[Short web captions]

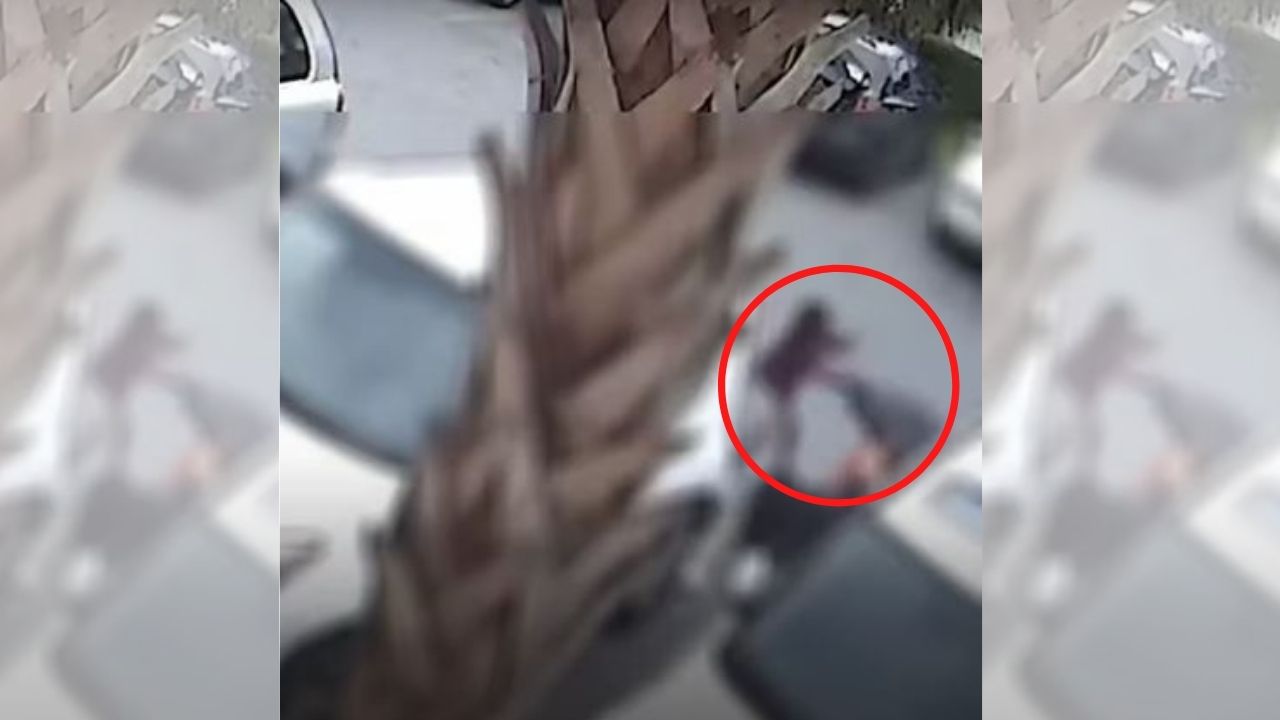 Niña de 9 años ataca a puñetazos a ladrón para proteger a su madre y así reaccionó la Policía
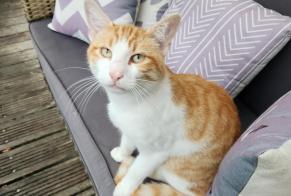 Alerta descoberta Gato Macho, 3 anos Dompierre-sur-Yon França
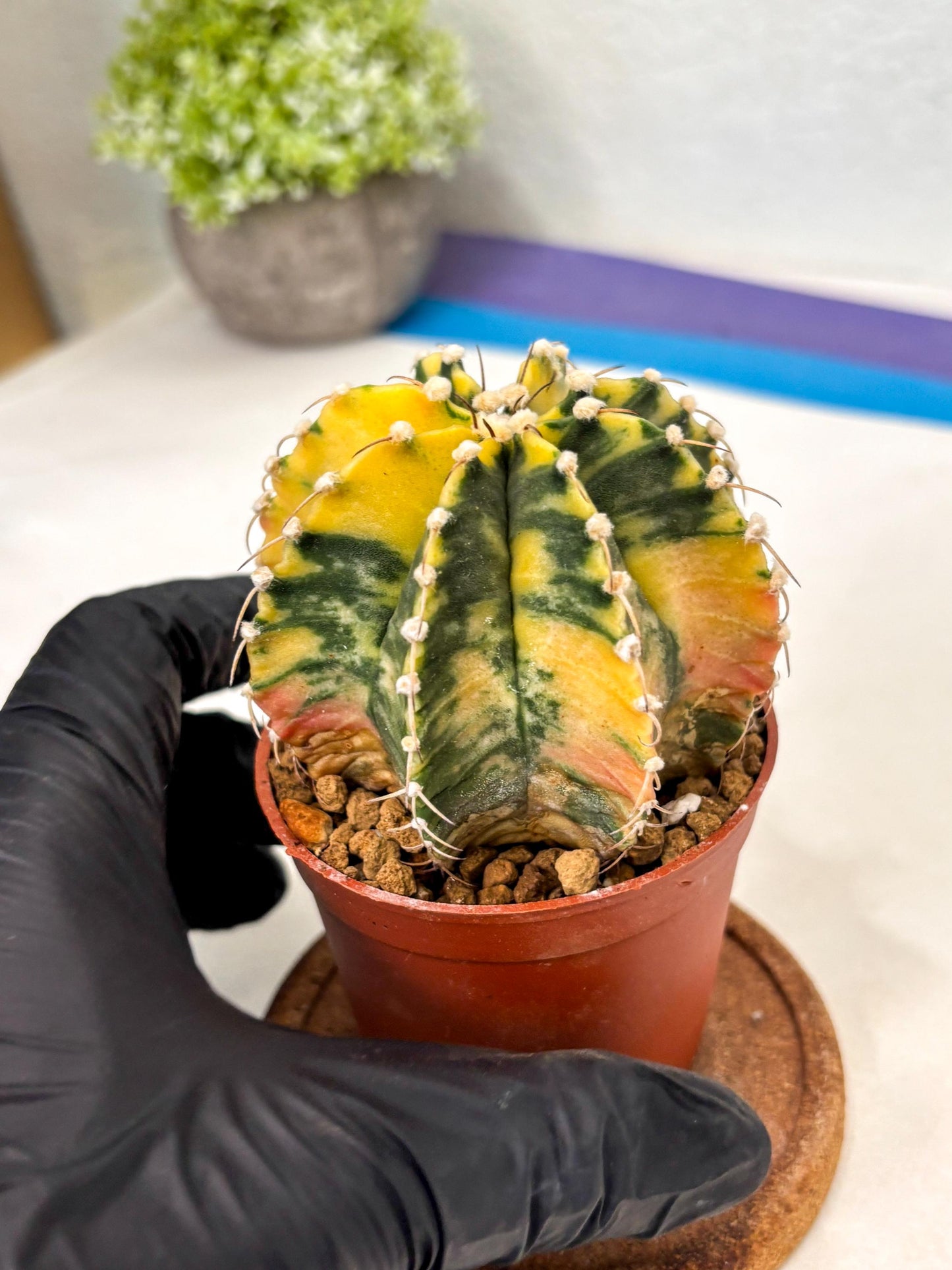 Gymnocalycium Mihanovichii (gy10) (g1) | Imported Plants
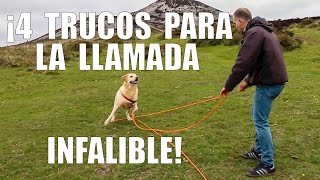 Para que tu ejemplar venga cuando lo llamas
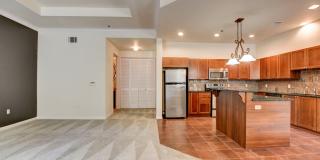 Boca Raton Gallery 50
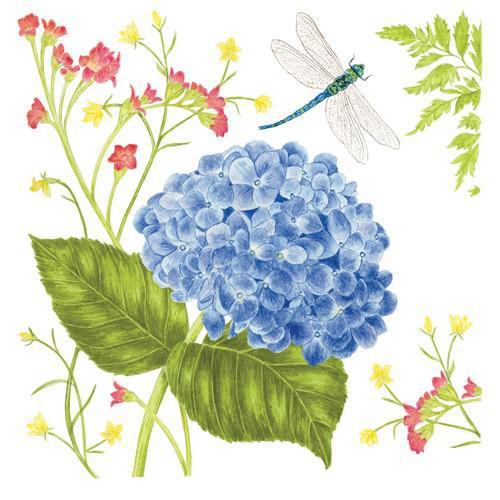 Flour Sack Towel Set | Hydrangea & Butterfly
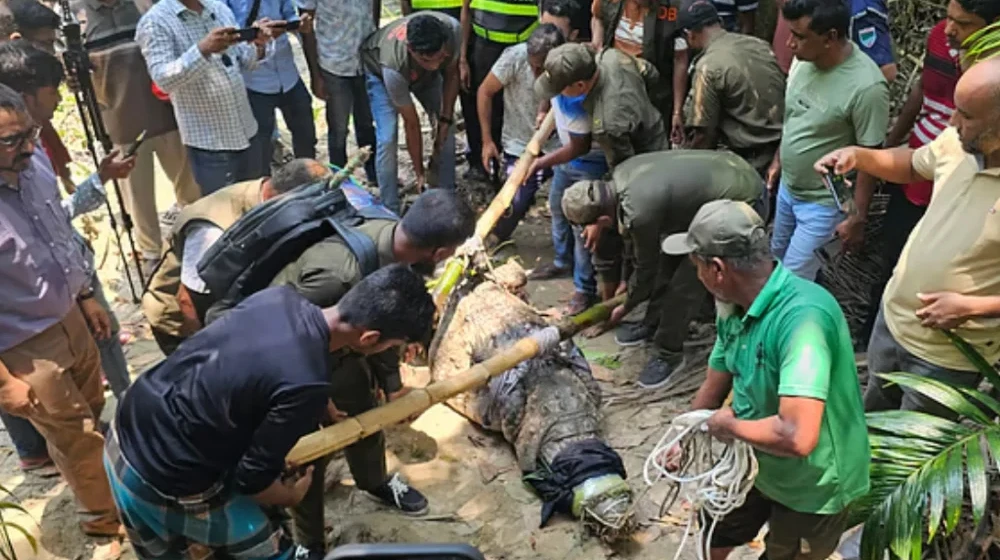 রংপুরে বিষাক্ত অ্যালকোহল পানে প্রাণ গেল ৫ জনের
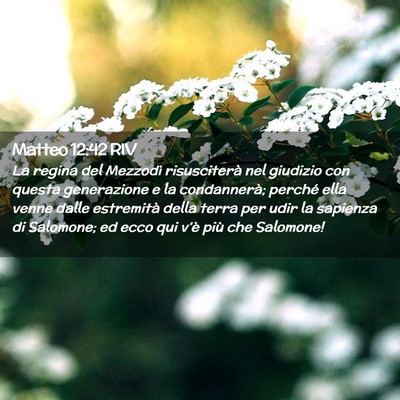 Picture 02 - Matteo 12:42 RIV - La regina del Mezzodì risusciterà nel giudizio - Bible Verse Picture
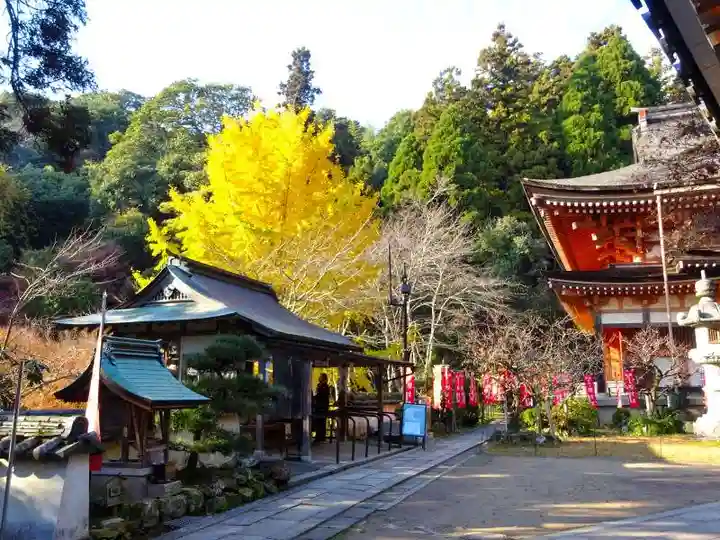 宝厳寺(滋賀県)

Assigned task —
Please transcribe word for word the lines from the one bearing "Gymnocalycium Mihanovichii (gy10)" through the last line of the records above, omitting the pictures.

Output of the exercise —
 Gymnocalycium Mihanovichii (gy10) (g1) | Imported Plants
 Para que tu ejemplar venga cuando lo llamas
 Boca Raton Gallery 50
 Flour Sack Towel Set | Hydrangea & Butterfly
 রংপুরে বিষাক্ত অ্যালকোহল পানে প্রাণ গেল ৫ জনের
 Picture 02 - Matteo 12:42 RIV - La regina del Mezzodì risusciterà nel giudizio - Bible Verse Picture
 宝厳寺(滋賀県)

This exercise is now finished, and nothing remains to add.